Même si ce texte est indispensable, je ferai tout de même une réflexion : les élus locaux y perdent leur latin ! Ces dispositifs complexes, ces systèmes de fléchage sont très difficiles à expliquer. On leur dit qu’il faut prendre l'ordre du tableau, mais alors ce n'est plus une élection. On ne sait pas a priori qui sera délégué communautaire : cela peut être le maire ou l’adjoint, mais, s’ils renoncent, le conseil municipal désigne le remplaçant. Cela revient pratiquement au système applicable antérieurement dans les communes de moins de 1 000 habitants – je n’évoque pas le cas des communes plus importantes.

On a décidé de maintenir la fiction selon laquelle les conseillers communautaires seraient désignés au suffrage universel, pas directement – il ne faudrait tout de même pas abuser ! –, mais par le fléchage.

Je ne fais pas de reproche particulier à ce système qui, je dois l’avouer, figurait déjà dans le projet de loi de 2010, mais, comme nous n'avons pas eu la chance, ou le bonheur, de voter à l’époque cette partie de la loi, je peux dire ce que je pense de l’actuelle proposition de loi ! (Sourires.)

Ce texte a reçu le « brevet Richard » : le rapporteur l’a corrigé sur de nombreux points, notamment pour donner davantage de souplesse au fléchage, ce qui était indispensable pour éviter les difficultés, notamment entre majorité et opposition, auxquelles nous pourrions être confrontés.

Je crains néanmoins de nombreux contentieux, en raison d’erreurs commises lors des opérations électorales.

M. Alain Fouché.
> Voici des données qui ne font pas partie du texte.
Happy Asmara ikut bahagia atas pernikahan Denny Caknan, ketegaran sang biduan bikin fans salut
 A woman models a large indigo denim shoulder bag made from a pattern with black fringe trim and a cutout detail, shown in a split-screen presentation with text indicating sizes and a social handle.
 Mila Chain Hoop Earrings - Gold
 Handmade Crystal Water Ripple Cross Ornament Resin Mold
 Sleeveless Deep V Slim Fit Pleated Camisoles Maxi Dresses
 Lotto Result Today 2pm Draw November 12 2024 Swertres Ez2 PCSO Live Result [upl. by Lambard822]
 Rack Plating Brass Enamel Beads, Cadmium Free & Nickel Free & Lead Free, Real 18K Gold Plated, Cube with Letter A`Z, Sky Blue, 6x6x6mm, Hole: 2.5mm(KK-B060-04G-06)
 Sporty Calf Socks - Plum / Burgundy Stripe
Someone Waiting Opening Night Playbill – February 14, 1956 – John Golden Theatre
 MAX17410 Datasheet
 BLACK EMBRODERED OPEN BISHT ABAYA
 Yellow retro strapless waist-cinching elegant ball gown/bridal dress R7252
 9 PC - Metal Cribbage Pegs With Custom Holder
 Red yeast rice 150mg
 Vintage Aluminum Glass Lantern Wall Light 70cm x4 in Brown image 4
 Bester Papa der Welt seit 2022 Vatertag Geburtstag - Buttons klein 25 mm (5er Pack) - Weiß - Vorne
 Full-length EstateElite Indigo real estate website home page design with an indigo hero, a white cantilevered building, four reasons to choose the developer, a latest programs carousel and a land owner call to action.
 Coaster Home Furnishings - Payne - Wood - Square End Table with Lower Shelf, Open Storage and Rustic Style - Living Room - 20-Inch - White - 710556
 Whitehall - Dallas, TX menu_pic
Les avocats vont se régaler…

M. Jean-Jacques Hyest. Je plains les services préfectoraux. C'est hélas ! la conséquence de dispositifs de plus en plus compliqués.

Sur les incompatibilités, je ne voterai pas la disposition proposée, car je considère qu'être à la fois délégué communautaire et salarié d'une commune de l’EPCI relève d’une trop grande proximité.

On me dit que ce ne sont pas les mêmes collectivités, certes, mais, de manière générale, et c’est la raison d’être des incompatibilités, cela finit par être malsain d’être salarié d'une structure et, en même temps, élu d'une autre structure, les deux n’étant pas étrangères l’une à l’autre. Je le dis notamment pour certaines collectivités.

En revanche, pour tout ce qui concerne les modalités de fléchage, nous sommes d'accord. D'ailleurs, nous les avions votées en commission et en première lecture.

Reste un sujet compliqué : celui des sections électorales, bien entendu. Je dois avouer que nous sommes partagés. Elles sont issues, le plus souvent, de la loi de 1971, dite « loi Marcellin ». Il se trouve que, pour être entré dans l'administration au moment où l'on opérait les fusions de communes, j’ai quelque connaissance du sujet et le privilège d’avoir pu observer que, dans certains départements – contrairement à ce que dit M. Sueur –, beaucoup de districts ont été comme les prémices des communautés de communes. Cela a très bien fonctionné dans mon département, où les districts sont devenus, sans problèmes particuliers, des communautés de communes exerçant de très larges compétences.